Maurice Pagenel est né le 6 juillet 1903 à Nevers. Son père, Joseph, exerce la profession d’ingénieur aux Ponts-et-Chaussées. La famille s’est installée à Cormatin, Grande rue, côté mairie. Le couple a deux autres enfants : Marguerite et Marie-Thérèse.

Maurice obtient son « certif » en 1915 à Cormatin puis intègre l’école Vaucanson à Grenoble. Le 2 janvier 1919, il fait sa rentrée à La Prat’s et il choisira d’exercer la profession d’architecte. Le 7 janvier 1928, il épouse Germaine Roberjot, native de Sologny. Quatre enfants naîtront de cette union : Jean-François, Charles, Marguerite et Marie-France. En 1936, la famille Pagenel vit Grande rue mais cette fois-ci côté château.

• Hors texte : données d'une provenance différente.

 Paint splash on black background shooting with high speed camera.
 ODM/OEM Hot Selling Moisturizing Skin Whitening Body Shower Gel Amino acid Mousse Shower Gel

Sergent-chef pendant la campagne de 1939-1940, Maurice est fait prisonnier et rentre de captivité en 1942.

Pagenel dans la résistance

Maurice Pagenel -écrit Jean Martinerie- devient « agent du réseau d’évasion du colonel Moreteaux, rallié à Combat[1]. » Il est également l’adjoint de Jean Greyfié de Bellecombe (officier du Ve Dragons de Mâcon), « grand patron[2] » de l’Armée secrète au niveau départemental. Dans la résistance, son pseudonyme sera Danglar, parfois orthographié Danglars ou encore Donglar.

Pour l’O.R.A., il s’agit tout d’abord de camoufler des équipements qui permettraient une éventuelle reprise du combat. On trouve des caches dans le Mâconnais, dans le Clunisois… comme à Flagy par exemple. Puis l’organisation de résistance de l’armée s’engage dans la lutte clandestine : formation des maquis, de leur ravitaillement et de leur organisation intérieure.

L’espion Garcia « Canton », arrivé au maquis de Beaubery le 12 novembre 1943 puis dirigé vers le maquis de Blanot, note scrupuleusement dans ses rapports tous les hommes avec lesquels il est en contact. Dans son rapport n°7 du 20 novembre 1943, il fiche Bellecombe « le grand patron », Pagenel et son adjoint Ombre : « Notre chef s’appelle Donglard (capitaine) qui habite Cormatin. Il est chef de tous les maquis de Saône-et-Loire. » Selon Garcia, Pagenel est « maigre-grand-visage osseux-nez droit et pincé-petite moustache charlot-bandes molletières blanches-béret basque. »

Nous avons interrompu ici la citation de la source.